Find "Louise Moillon Zedign Art Poster #5 (Vorne)" below and begin at its line; stop after the line with "Eis im Lago Argentino". Output those lines exactly, without pictures.

### DATA SUPPLIED
================

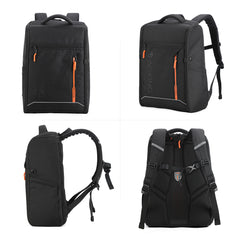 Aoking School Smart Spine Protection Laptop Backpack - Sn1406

================

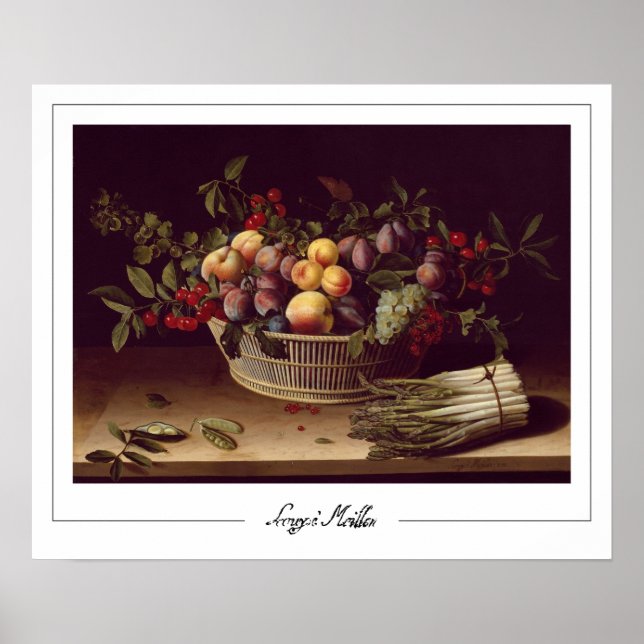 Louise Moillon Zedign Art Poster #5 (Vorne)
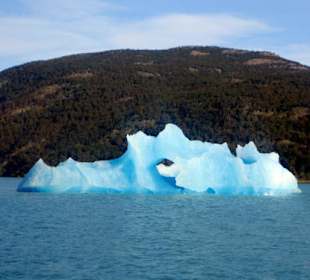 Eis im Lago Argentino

================

### ANSWER FOR THIS EXERCISE
 Louise Moillon Zedign Art Poster #5 (Vorne)
 Eis im Lago Argentino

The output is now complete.